In part 1 of this mini-series we looked at the effects of costing a tablescan serially and then parallel when the maxthr and slavethr statistics had not been set.
In part 2 we looked at the effect of setting just the maxthr - and this can happen if you don’t happen to do any parallel execution while the stats collection is going on.

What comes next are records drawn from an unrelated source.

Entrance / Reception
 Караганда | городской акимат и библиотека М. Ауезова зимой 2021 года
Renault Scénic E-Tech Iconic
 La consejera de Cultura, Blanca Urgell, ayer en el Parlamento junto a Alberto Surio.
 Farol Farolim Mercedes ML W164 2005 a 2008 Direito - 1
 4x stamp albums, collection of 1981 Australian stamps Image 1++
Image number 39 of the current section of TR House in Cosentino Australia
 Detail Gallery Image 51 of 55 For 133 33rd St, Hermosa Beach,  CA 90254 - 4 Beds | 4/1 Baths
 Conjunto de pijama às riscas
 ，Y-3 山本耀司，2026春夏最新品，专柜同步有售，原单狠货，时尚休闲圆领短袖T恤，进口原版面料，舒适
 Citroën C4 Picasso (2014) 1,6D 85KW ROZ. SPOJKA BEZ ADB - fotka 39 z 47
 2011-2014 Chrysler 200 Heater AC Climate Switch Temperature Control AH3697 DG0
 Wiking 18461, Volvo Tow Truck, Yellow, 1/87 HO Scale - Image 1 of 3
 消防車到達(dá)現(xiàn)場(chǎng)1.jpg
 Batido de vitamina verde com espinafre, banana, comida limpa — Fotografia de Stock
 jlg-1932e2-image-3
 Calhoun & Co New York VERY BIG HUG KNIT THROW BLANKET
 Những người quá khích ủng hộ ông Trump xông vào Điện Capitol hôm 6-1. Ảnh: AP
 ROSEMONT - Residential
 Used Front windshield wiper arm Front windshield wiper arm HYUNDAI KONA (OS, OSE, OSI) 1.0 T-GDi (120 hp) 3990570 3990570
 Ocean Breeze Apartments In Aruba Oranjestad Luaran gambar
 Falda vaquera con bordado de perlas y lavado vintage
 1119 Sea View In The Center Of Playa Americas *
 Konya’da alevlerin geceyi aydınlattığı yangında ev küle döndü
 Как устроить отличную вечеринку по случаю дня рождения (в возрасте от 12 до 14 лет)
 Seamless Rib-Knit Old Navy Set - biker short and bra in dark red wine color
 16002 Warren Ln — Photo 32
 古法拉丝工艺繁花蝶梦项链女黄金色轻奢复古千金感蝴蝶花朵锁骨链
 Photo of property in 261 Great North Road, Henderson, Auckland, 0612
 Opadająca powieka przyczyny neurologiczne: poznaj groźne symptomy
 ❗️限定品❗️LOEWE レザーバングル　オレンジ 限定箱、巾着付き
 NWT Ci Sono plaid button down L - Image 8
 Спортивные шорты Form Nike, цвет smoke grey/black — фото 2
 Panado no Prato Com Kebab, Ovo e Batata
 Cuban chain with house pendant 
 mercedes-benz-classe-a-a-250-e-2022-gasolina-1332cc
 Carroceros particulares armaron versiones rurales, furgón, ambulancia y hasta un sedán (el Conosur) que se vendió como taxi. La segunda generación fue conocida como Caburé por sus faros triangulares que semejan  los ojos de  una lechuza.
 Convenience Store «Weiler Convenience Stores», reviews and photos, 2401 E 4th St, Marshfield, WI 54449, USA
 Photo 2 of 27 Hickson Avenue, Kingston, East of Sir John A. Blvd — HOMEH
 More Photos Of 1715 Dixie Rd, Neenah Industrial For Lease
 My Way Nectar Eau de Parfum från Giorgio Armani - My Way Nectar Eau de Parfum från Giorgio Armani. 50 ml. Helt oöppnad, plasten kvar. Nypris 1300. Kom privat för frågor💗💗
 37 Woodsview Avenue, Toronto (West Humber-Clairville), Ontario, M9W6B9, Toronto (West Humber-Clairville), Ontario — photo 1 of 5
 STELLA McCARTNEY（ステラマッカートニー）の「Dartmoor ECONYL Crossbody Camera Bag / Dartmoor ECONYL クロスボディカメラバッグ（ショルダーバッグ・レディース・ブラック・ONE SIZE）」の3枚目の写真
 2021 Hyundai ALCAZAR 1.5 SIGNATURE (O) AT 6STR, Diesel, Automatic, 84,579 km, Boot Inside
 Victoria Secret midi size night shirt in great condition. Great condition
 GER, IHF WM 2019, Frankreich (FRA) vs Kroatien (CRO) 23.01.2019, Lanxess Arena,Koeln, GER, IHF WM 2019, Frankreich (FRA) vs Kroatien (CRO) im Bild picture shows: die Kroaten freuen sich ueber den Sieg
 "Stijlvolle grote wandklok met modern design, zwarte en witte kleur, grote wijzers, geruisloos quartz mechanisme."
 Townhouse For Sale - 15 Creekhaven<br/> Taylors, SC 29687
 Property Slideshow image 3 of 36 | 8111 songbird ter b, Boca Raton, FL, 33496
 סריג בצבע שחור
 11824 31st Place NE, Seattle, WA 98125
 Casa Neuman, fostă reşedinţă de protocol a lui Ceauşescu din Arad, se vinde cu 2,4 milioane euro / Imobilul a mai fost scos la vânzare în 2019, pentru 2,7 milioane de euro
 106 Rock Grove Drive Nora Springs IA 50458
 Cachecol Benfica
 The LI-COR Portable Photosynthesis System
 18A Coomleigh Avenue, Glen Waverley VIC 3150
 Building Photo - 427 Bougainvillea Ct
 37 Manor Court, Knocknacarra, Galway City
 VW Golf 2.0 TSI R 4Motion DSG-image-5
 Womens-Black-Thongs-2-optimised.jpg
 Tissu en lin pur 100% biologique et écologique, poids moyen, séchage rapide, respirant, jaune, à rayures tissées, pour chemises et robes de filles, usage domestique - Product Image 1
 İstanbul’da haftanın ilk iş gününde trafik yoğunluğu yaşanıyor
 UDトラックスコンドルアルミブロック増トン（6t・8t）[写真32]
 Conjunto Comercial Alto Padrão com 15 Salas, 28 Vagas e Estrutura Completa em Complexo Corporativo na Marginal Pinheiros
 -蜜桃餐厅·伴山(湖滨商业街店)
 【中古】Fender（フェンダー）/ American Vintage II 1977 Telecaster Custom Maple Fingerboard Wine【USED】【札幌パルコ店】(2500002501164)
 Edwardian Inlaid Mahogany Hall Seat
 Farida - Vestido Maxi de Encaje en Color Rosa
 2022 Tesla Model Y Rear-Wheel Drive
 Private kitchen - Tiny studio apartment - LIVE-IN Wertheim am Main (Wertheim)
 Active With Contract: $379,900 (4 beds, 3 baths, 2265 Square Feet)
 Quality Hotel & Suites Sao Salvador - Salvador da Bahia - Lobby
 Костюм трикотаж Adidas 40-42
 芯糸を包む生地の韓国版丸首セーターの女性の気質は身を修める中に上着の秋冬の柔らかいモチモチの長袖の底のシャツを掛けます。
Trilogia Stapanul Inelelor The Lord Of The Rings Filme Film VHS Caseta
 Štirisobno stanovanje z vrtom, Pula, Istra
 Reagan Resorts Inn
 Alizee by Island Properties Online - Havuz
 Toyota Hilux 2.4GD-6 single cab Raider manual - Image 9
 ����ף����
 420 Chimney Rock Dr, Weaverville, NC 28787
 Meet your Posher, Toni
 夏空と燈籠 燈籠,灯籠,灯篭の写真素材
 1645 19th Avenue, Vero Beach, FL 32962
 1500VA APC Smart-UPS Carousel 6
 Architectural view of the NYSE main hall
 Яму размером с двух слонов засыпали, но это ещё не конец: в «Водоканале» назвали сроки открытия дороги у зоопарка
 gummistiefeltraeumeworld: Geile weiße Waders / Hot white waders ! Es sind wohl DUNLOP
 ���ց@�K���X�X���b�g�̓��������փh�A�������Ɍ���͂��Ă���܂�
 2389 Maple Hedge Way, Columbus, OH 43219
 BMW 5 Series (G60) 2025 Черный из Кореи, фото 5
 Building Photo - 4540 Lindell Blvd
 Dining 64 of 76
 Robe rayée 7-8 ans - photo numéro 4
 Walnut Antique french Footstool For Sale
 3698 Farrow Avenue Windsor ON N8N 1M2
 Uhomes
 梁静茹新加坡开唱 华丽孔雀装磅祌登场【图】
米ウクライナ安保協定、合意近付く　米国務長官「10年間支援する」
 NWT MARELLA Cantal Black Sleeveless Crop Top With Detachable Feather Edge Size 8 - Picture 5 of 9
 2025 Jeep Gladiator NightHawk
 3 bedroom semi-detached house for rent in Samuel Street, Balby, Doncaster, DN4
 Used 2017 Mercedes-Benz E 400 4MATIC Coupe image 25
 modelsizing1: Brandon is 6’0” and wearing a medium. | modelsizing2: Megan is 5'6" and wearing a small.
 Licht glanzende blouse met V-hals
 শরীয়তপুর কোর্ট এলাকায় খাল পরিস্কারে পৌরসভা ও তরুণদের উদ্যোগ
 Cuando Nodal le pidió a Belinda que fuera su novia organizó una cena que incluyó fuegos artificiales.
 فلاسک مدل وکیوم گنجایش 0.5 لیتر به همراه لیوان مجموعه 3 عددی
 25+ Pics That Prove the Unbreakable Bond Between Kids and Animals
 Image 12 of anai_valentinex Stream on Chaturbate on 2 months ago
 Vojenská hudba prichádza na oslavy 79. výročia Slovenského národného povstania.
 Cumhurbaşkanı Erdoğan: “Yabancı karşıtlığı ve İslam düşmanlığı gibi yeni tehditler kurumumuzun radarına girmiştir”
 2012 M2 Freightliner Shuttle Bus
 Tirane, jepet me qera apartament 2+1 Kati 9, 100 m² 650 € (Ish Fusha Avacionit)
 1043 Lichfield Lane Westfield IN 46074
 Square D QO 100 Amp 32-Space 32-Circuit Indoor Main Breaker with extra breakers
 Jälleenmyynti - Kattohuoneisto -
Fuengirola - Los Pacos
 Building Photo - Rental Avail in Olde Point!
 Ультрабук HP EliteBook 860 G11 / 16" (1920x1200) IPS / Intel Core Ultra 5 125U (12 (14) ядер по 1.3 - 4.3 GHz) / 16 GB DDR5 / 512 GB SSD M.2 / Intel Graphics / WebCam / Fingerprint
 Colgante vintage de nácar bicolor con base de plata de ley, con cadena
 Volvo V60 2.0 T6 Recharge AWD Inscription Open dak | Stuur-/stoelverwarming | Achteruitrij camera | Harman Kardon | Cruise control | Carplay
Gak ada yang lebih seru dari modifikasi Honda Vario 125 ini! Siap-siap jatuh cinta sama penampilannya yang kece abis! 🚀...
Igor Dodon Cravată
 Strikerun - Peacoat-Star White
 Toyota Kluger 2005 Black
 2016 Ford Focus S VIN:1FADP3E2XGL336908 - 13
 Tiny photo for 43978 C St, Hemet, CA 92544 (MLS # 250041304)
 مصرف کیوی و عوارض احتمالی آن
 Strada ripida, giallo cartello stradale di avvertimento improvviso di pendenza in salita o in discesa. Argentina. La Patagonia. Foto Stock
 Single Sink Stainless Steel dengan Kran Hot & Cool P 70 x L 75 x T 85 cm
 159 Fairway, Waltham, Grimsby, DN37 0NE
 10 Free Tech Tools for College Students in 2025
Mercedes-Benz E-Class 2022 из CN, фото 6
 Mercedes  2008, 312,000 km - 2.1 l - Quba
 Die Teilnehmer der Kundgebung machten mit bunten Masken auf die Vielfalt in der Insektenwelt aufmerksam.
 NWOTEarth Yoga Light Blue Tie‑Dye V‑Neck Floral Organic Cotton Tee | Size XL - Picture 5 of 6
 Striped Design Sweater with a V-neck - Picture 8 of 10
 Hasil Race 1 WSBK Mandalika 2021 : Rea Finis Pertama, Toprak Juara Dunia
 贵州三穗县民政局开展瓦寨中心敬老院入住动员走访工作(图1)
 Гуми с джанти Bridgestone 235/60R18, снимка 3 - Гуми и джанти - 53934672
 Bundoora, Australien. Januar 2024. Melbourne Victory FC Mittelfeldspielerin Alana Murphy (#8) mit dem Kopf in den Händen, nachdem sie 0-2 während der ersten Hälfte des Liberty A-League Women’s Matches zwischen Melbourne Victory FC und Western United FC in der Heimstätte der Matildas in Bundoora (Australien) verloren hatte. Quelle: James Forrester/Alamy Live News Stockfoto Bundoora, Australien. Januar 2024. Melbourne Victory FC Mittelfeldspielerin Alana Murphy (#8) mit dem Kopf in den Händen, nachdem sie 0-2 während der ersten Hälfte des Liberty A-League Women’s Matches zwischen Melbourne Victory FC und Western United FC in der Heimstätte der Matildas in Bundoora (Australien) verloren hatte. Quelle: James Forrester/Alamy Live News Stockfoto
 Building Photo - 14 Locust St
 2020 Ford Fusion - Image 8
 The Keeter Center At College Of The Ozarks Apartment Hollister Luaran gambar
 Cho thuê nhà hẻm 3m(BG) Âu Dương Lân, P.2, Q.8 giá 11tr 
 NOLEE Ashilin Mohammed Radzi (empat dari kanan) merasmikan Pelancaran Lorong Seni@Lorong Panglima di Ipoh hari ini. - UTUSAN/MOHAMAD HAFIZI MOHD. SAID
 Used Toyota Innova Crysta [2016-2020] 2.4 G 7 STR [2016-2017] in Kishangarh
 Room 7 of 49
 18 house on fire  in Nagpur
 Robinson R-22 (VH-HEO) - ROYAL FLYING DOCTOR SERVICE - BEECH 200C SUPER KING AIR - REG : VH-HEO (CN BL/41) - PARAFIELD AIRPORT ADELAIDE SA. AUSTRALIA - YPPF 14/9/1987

In part 3 we’re going to look at the two variations the optimizer displays when both statistics have been set. So here are the starting system stats:
begin dbms_stats.delete_system_stats; dbms_stats.set_system_stats('MBRC', 64); dbms_stats.set_system_stats('MREADTIM', 10); dbms_stats.set_system_stats('SREADTIM', 5); dbms_stats.set_system_stats('CPUSPEED', 2000); dbms_stats.set_system_stats('MAXTHR', 262144); dbms_stats.set_system_stats('SLAVETHR', 65536); dbms_stats.set_system_stats('SLAVETHR', 47000); dbms_stats.set_system_stats('SLAVETHR', 16384); end; /
You’ll notice that I’ve shown three options for slavethr so, when running the tests, I will be commenting out two of them. The middle value is the important one as I’ve set it just below a critical breakpoint. You’ll recall that the optimizer is programmed to behave as if a parallel slave will operate at 90% of the speed of a serial process. If we take the 64 block read, at 8KB per block, completed in 10 ms, this represents 52428.8 bytes per ms. 90% of that is 47,186 bytes per ms – hence the choice for slavethr in the second of the tests.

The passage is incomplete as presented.